The US Department of State has announced a $10 million reward for information leading to the identification or location of Rim Jong Hyok, a prominent North Korean hacker associated with the state-sponsored group APT45. This group, also known as Andariel, Silent Chollima, Onyx Sleet, or DarkSeoul, is controlled by the DPRK’s military intelligence agency, the Reconnaissance General Bureau.
Malicious Activities
APT45 has been involved in compromising systems in US hospitals, installing Maui ransomware, and extorting ransoms. These attacks have disrupted healthcare services and funded further malicious cyber operations targeting US government entities and defense contractors.
Warnings and Advisory
The bounty announcement coincides with a warning from the UK’s National Cyber Security Centre (NCSC), highlighting APT45’s global cyber espionage campaign aimed at furthering the DPRK’s military and nuclear ambitions. The NCSC’s advisory provides technical details on the group’s tactics and mitigation advice for defending against their advances.
Group’s Evolution
According to a Mandiant report, APT45 has been conducting espionage-based cyber attacks since 2009. The group has transitioned to more financially-motivated operations, reflecting the DPRK’s changing priorities. APT45’s activities now focus on government agencies, the defense industry, nuclear issues, and energy sectors. The group’s interest in ransomware and targeting critical infrastructure, such as nuclear research facilities and power plants, sets it apart from other North Korean hacker gangs.
Recent Activities
In recent years, APT45 has targeted various sectors, including South Korean financial organizations and a South Asian bank.

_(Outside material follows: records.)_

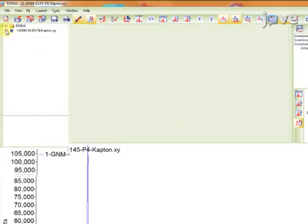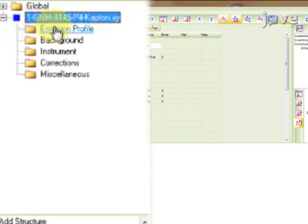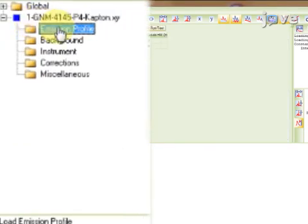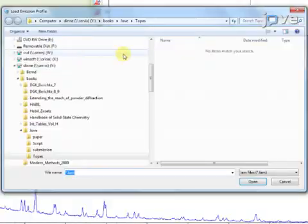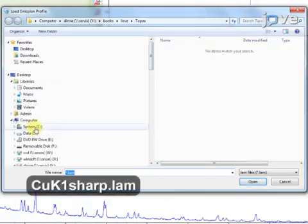Now expand the range of the file. Click on the Emission Profile tab, select Load Emission Profile, and choose the desired profile.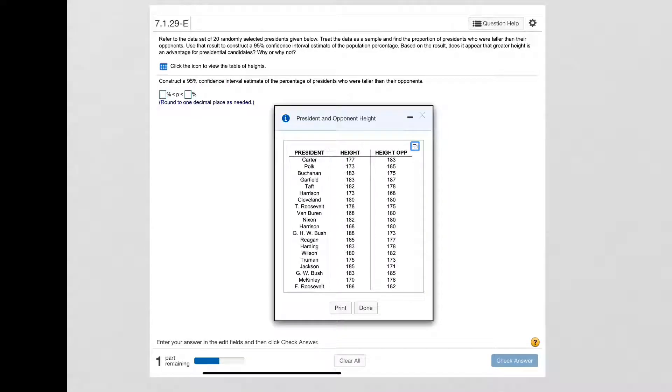In this problem we're given the heights of presidents and the heights of their opponents and we want to determine if being taller is an advantage for presidential candidates.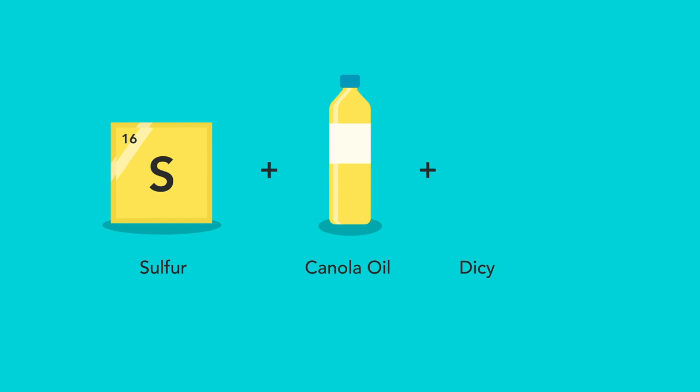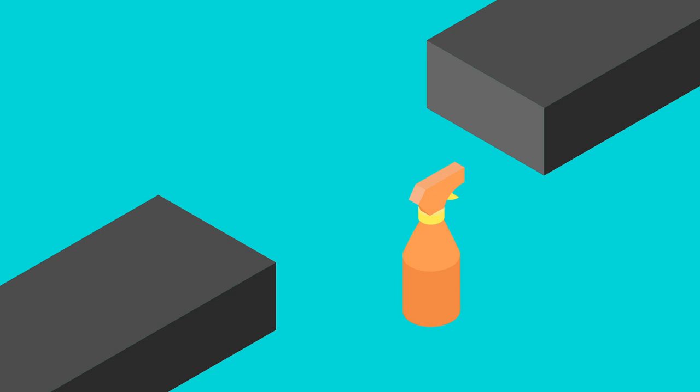The rubber is made from sulphur, canola oil and dicyclopentadiene. When an amine catalyst is applied to the broken pieces, the two surfaces quickly fuse together to form one complete piece.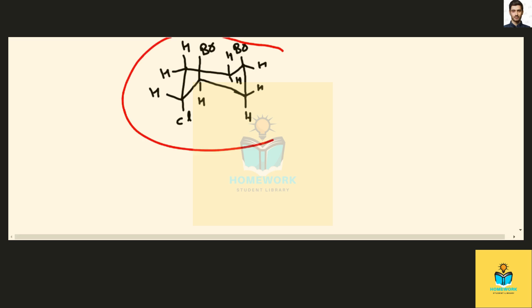So this is the correct cyclohexane structure that is given in the questionnaire that we have to draw.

The group’s focus has shifted towards healthcare and pharmaceutical companies, especially during the COVID-19 pandemic.
Significance
The US Department of State’s reward and the NCSC’s advisory underscore the importance of protecting critical infrastructure from state-backed cyber threats. As North Korea relies more on cyber operations, tracking groups like APT45 helps reveal the country’s shifting priorities.